By Titus Boye-Thompson

 

The global economic crises played havoc across the Western world with dire consequences for households and business. Jobs and homes were lost and the damage to savings and investments severely inflicted social and political fabric of those societies. These problems resulted in socioeconomic tensions with fragile governments managing failing economies prone to collapse, especially across Europe. In Africa where the poorest countries are concentrated, the dependence on foreign direct investment has opened the continent to the vagaries of international markets.

While commodity prices soared, the producing Countries were prohibited from benefitting from increased margins due to locked in arrangements and contracted purchasing and royalty regimes.
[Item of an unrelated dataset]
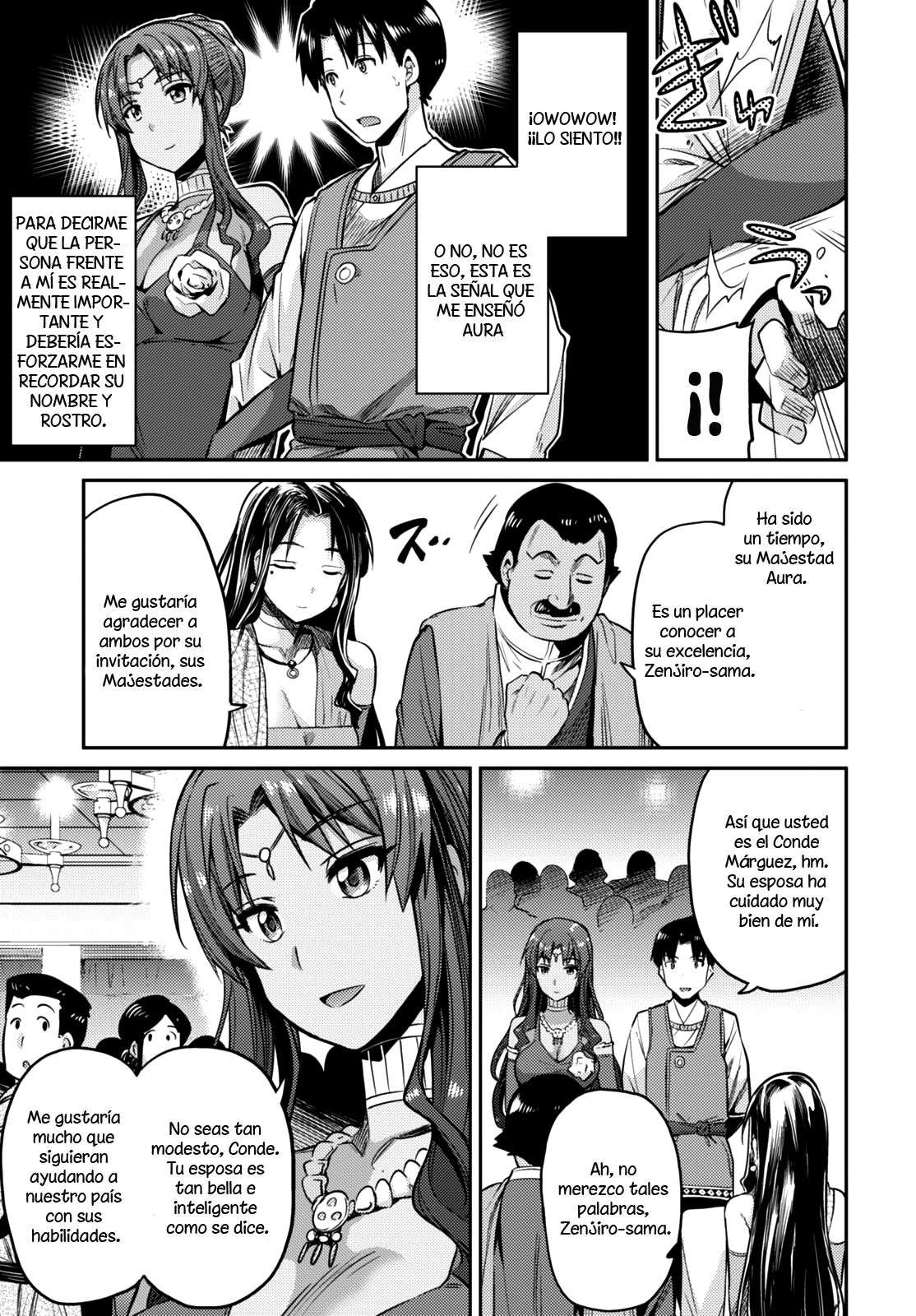 Risou no Himo Seikatsu Capitulo 7 página 24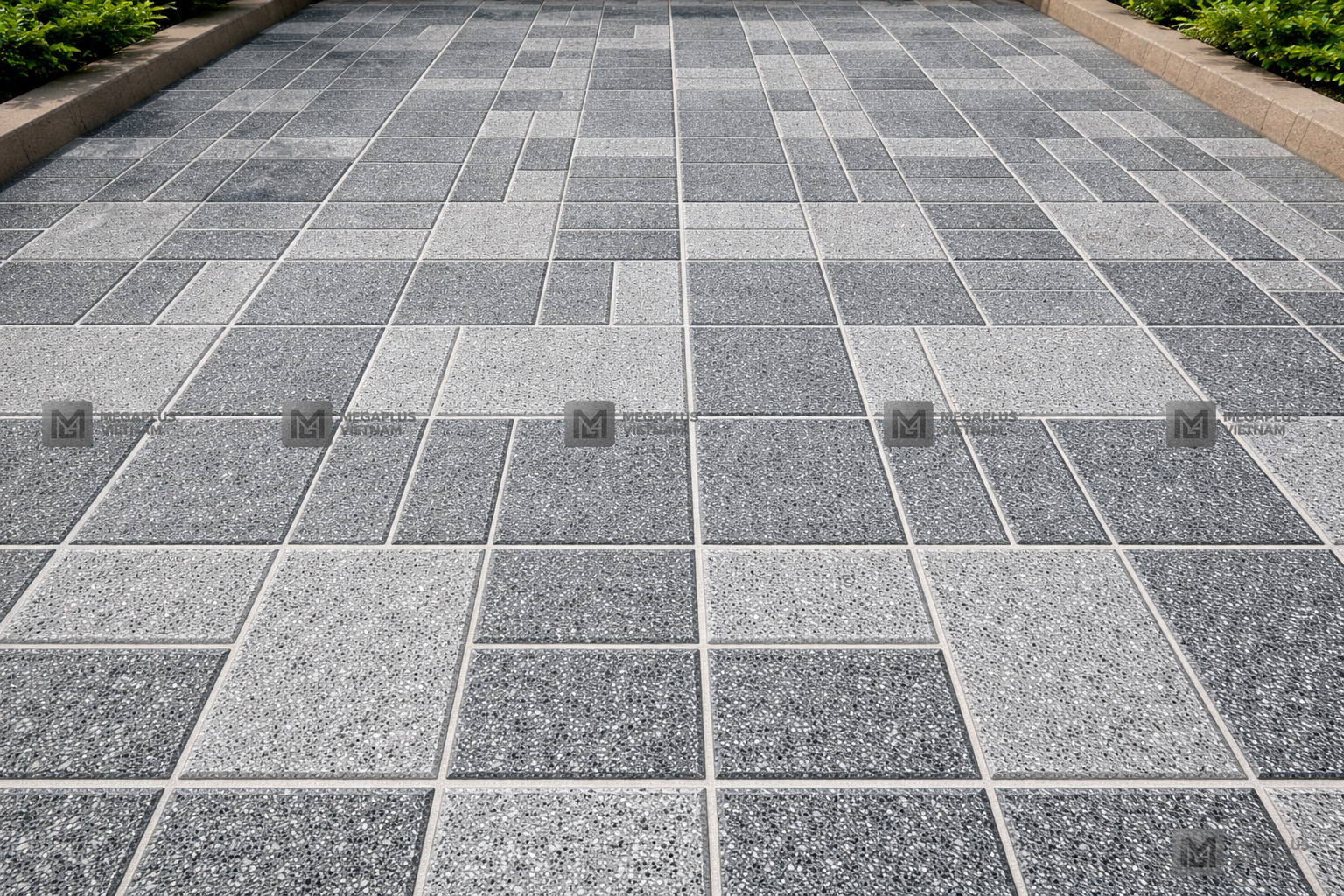 Gạch Cotto Cerinco CV5616 lát nền thực tế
On the other hand, significant proportions of the expanded margins on world market prices for commodities were eaten up by higher borrowing and interest rates cost and stringent loan to capital ratios for maintaining large producing plants, equipment and technologies.

All in all, whilst Africa produced the raw materials for high end technological items, the Continent was hampered from feeding itself because of low agricultural yields and end prices for internationally processed food items impacted by spiralling oil prices. Africa therefore became locked in a double whammy, unable to increase its income from widening margins for raw materials and constrained by higher prices of finished goods, unable to feed its populations and hence locked into a cycle of poverty.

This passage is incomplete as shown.